Goście ruszyli do odrabiania start. W 27 min byli bliscy powodzenia, ale najpierw Jakub Wilczyński trafił w poprzeczkę, a po chwili kolejny strzał jednego z kaliszan sparował Mateusz Bartusik. 5 min później w opałach był golkiper KKS 1925 Maciej Krakowiak, ale jego także - po uderzeniu Karbownika - od utraty gola „uratowała" poprzeczka. W 39 min Mateusz Bartusik obronił rzut wolny Gawlika.
W drugiej połowie „Brązowi" nie myśleli o obronie skromnego prowadzenia. Próbowali podwyższyć wynik. Udało im się to w 56 min, gdy po kontrze i centrze z lewej strony piłkę do siatki wpakował Piotr Mularczyk. 10 min później uderzenie Wojciecha Słomki obronił Krakowiak. W 70 min będącego w dogodnej sytuacji Adama Żaka uprzedził obrońca gości, a w 73 min ten ostatni trafił w słupek.

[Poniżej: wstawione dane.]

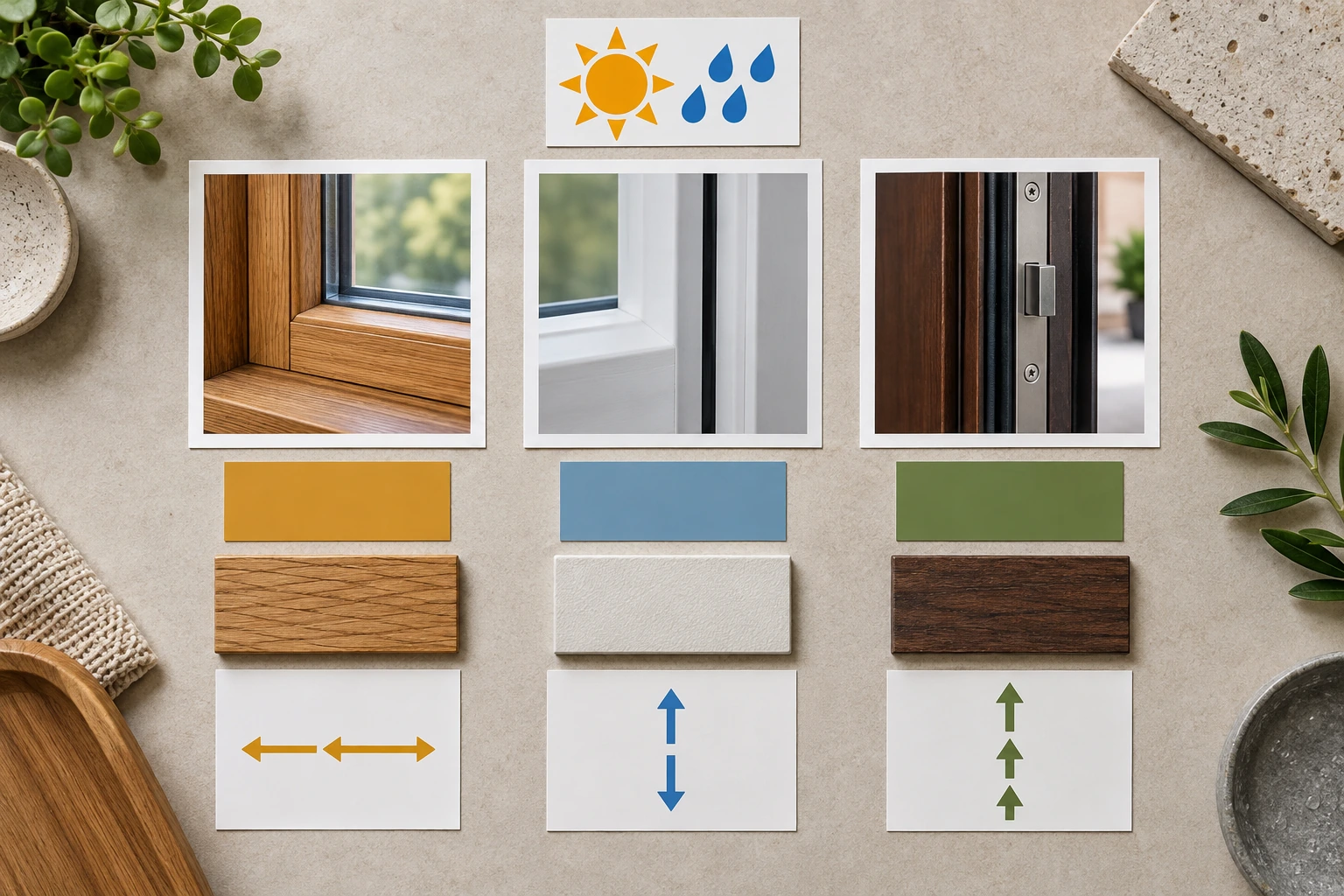 Elementdokumentation mit Detailfotos, Materialkarten, Wetterbezug und Bewegungsrichtung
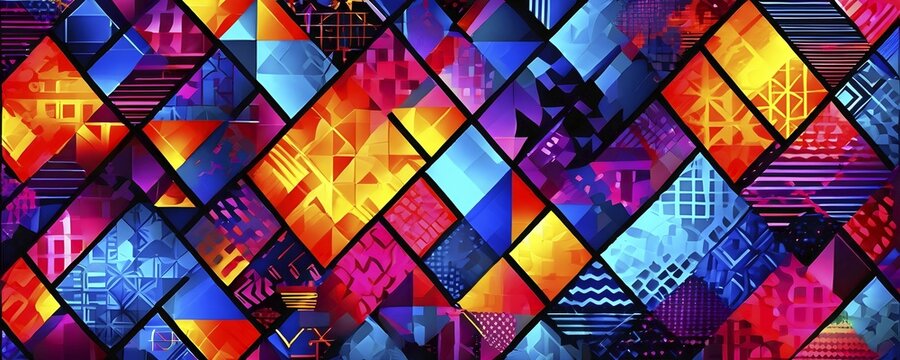 Abstract geometric patchwork illustration with vibrant intersecting geometric shapes filled with digital pattern, AI generated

Kaliszanie próbowali zaskoczyć Bartusika, ale strzały Bartosza Gęsiora - w 77 min (po rzucie rożnym), w 79 min i 80 min (z bliskiej odległości od bramki) - były niecelne. Skuteczni byli natomiast krakowianie. W 85 min po rzucie wolnym Patryk Warczak ulokował piłkę w bramce, ustalając wynik meczu.
Garbarnia Kraków - KKS 1925 Kalisz 3:0 (1:0)
Bramki: 1:0 Gawlik 15 sam., 2:0 Mularczyk 56, 3:0 Warczak 85.
Garbarnia: Bartusik - Warczak, Bartków, Nakrosius, Marszalik - Słomka, Nowak (65 Handzlik), Kardas (89 Banach), Mularczyk (88 Gądek), Karbownik (78 Pranica) - Żak.
KKS 1925: Krakowiak - Głaz (63 Zawistowski), Smoliński, Gawlik, Kendzia, Smajdor (63 Zmorzyński) - Putno (67 Łuszkiewicz), Wysokiński, Gęsior, Koczy (63 Lipkowski) - Wilczyński (46 Gordillo).
Sędziował: Albert Różycki (Łódź). Żółte kartki: Głaz, Lipkowski, Putno, Smajdor.